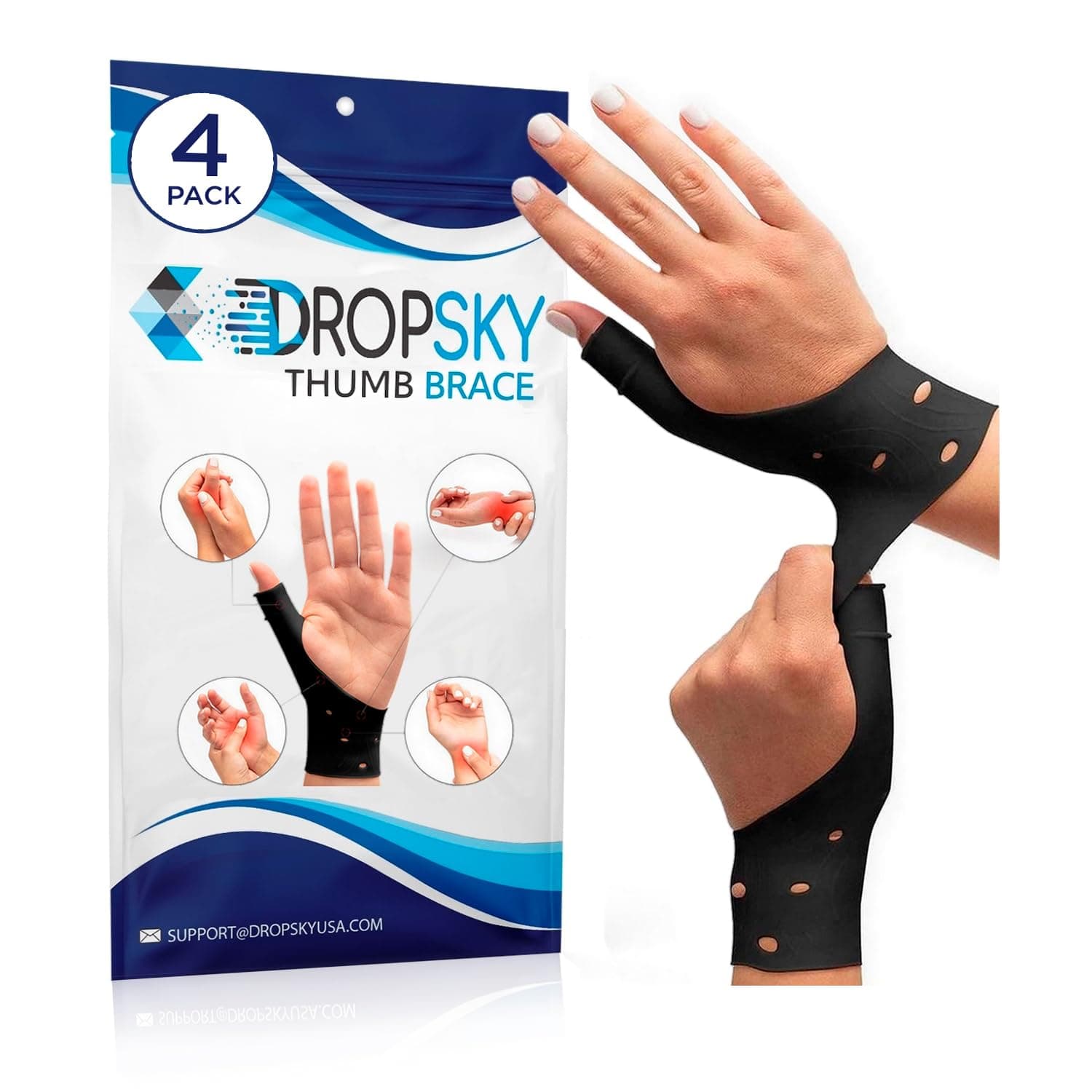 Thumb Brace 4 Pack – Waterproof Thumb Splint with Gel Pad for Carpal Tunnel, Arthritis & Trigger Finger Relief – Adjustable Compression Wrist Stabilizer for Left & Right Hand - Black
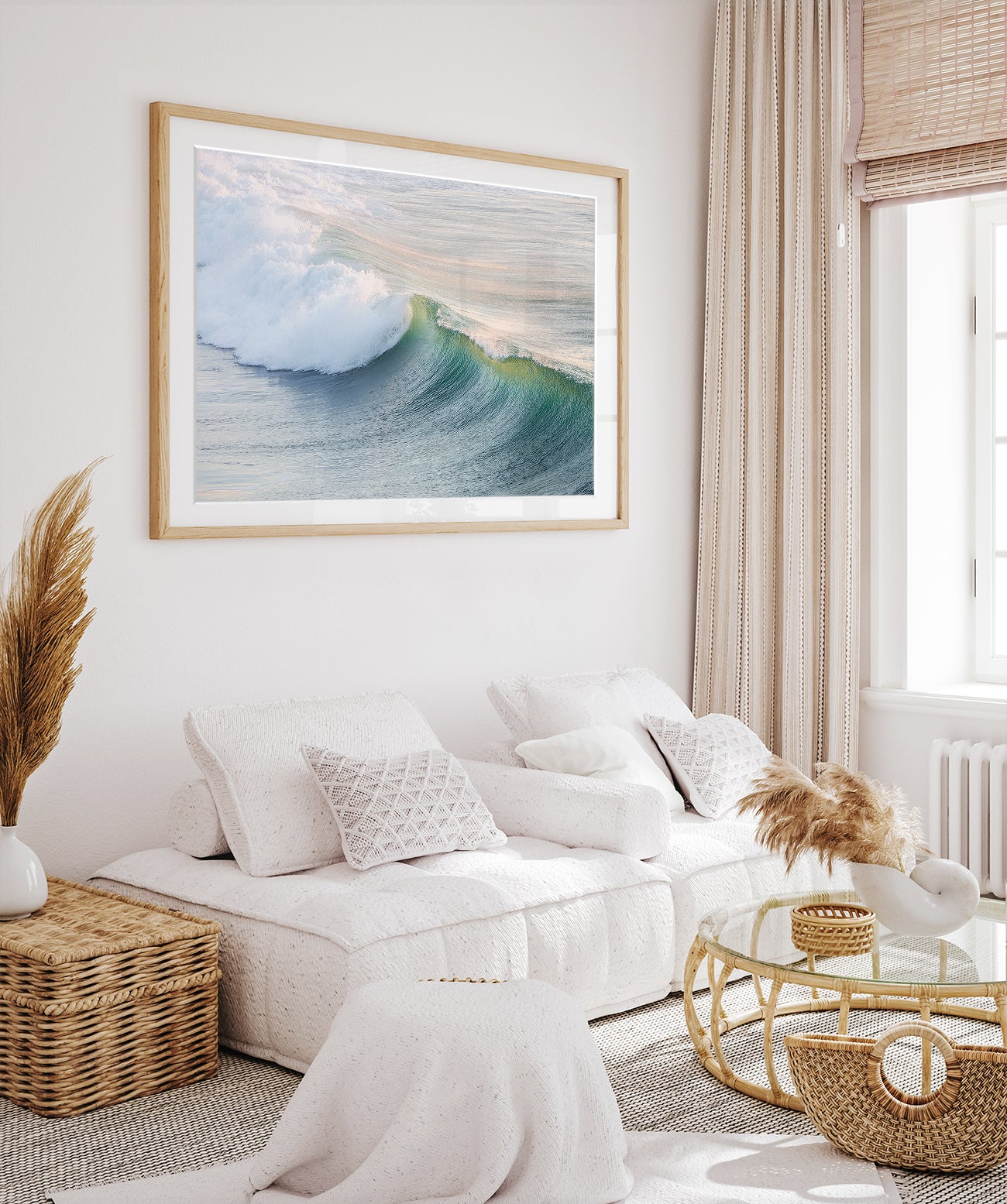 boho coastal living room decor with large framed pastel wave photograph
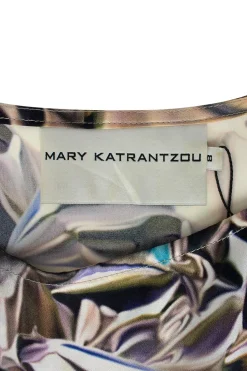 Multi-coloured silk sleeveless knee-length dress with abstract print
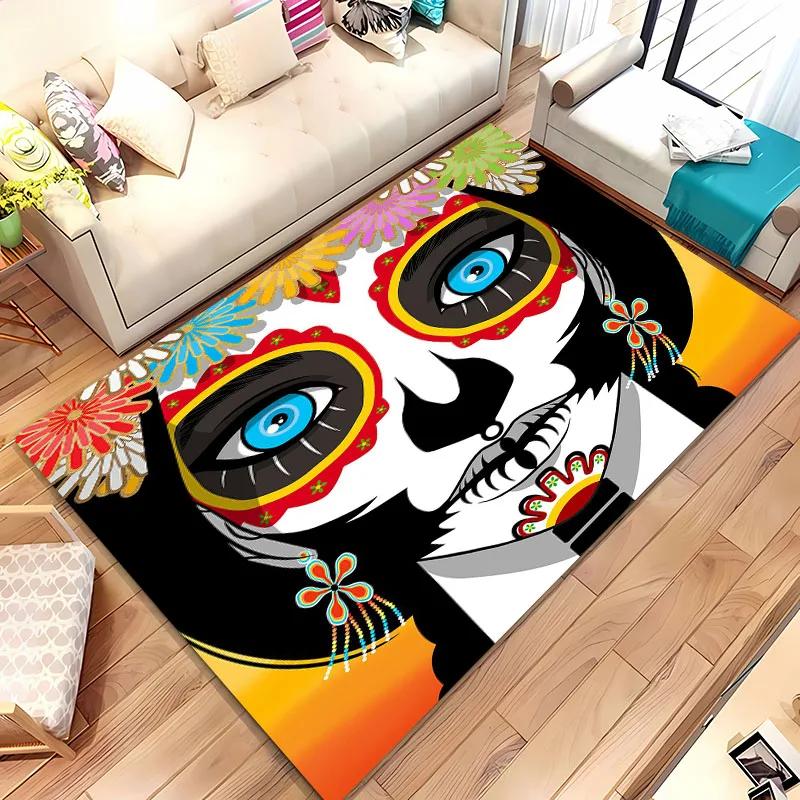 

HD Printing Mexican Day of The Dead Rug,Carpet for Living Room Bedroom Sofa Doormat Decor Adult Game Non-slip Floor Mat Alfombra 40x60cm (16x24in)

▶ [Instructions for the task] Produce the full material again verbatim, with the pictures dropped.

▶ [Result of this exercise]
 Thumb Brace 4 Pack – Waterproof Thumb Splint with Gel Pad for Carpal Tunnel, Arthritis & Trigger Finger Relief – Adjustable Compression Wrist Stabilizer for Left & Right Hand - Black
 boho coastal living room decor with large framed pastel wave photograph
 Multi-coloured silk sleeveless knee-length dress with abstract print

HD Printing Mexican Day of The Dead Rug,Carpet for Living Room Bedroom Sofa Doormat Decor Adult Game Non-slip Floor Mat Alfombra 40x60cm (16x24in)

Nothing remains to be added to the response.